The control system performance can be improved by combining the feedback (or closed-loop) control of a PID controller with feed-forward (or open-loop) control. Knowledge about the system (such as the desired acceleration and inertia) can be fed forward and combined with the PID output to improve the overall system performance.
The feed-forward value alone can often provide the major portion of the controller output. The PID controller primarily has to compensate whatever difference or error remains between the setpoint (SP) and the system response to the open loop control. Since the feed-forward output is not affected by the process feedback, it can never cause the control system to oscillate, thus improving the system response without affecting stability. Feed forward can be based on the setpoint and on extra measured disturbances. Setpoint weighting is a simple form of feed forward.
For example, in most motion control systems, in order to accelerate a mechanical load under control, more force is required from the actuator. If a velocity loop PID controller is being used to control the speed of the load and command the force being applied by the actuator, then it is beneficial to take the desired instantaneous acceleration, scale that value appropriately and add it to the output of the PID velocity loop controller.

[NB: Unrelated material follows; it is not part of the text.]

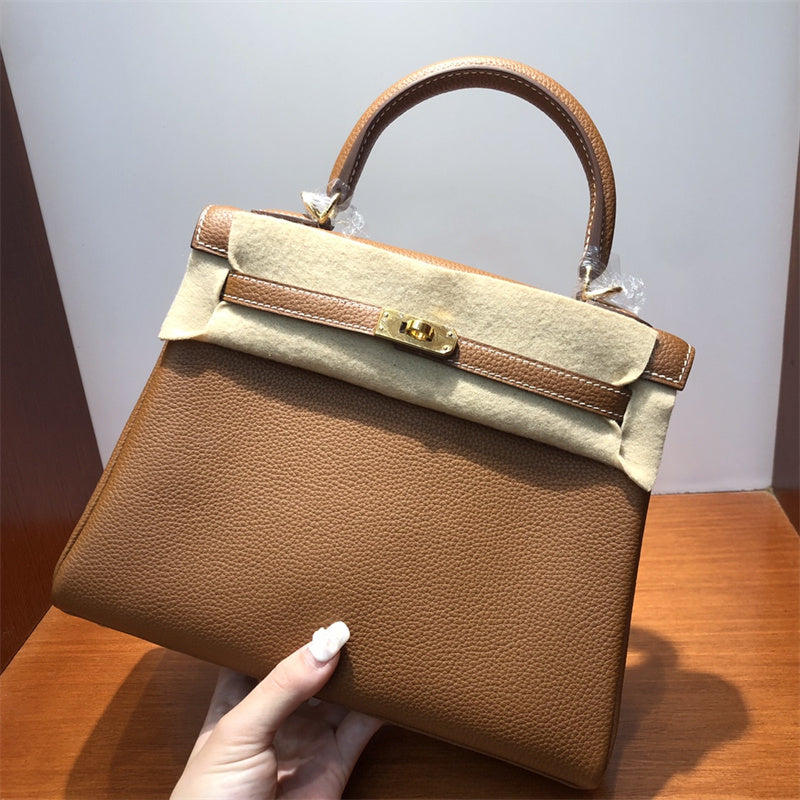 Side view of classic structured handbag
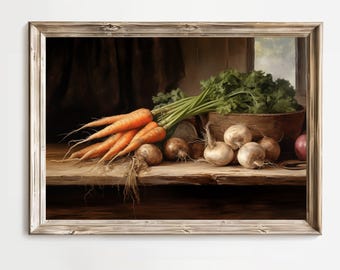 Vegetable Harvest on a Farmhouse Kitchen Table, Printable Wall Art, Autumn Bounty, Cottage Farmhouse Decor, Vintage, Impressionist painting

This means that whenever the load is being accelerated or decelerated, a proportional amount of force is commanded from the actuator regardless of the feedback value. The PID loop in this situation uses the feedback information to change the combined output to reduce the remaining difference between the process setpoint and the feedback value. Working together, the combined open-loop feed-forward controller and closed-loop PID controller can provide a more responsive control system.